■ Information shown ■
+ + + + + + +

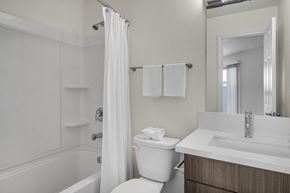 La Jolla apartment for rent - A white bathroom with a toilet, sink, and bathtub.
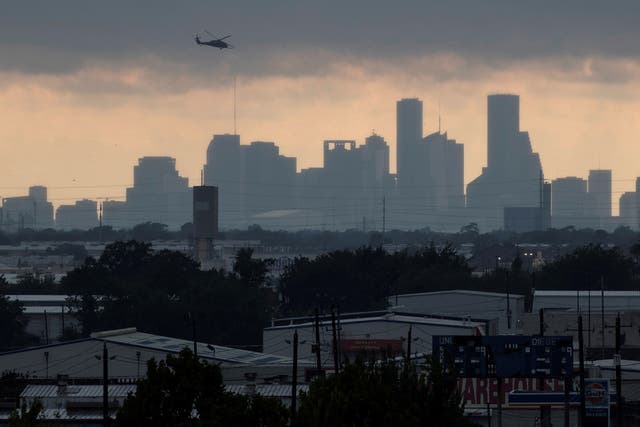 A helicopter hovers above the Houston skyline as sunlight breaks through storm clouds from Tropical Storm Harvey in Texas
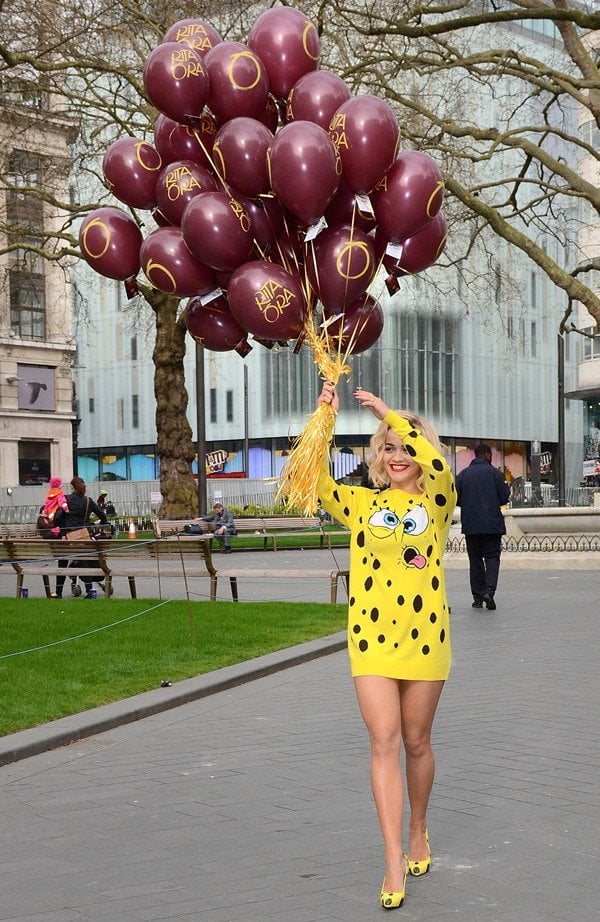 Rita Ora with a handful of balloons to celebrate with her fans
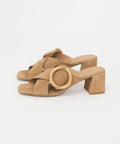 Beige suede sandals with block heels and round buckle detail on crisscross straps.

+ + + + + + +

■ What is expected ■
Everything from the line containing "Rita Ora with" to the last line of the listing above must be reproduced exactly, with no pictures included.

■ Problem solution ■
 Rita Ora with a handful of balloons to celebrate with her fans
 Beige suede sandals with block heels and round buckle detail on crisscross straps.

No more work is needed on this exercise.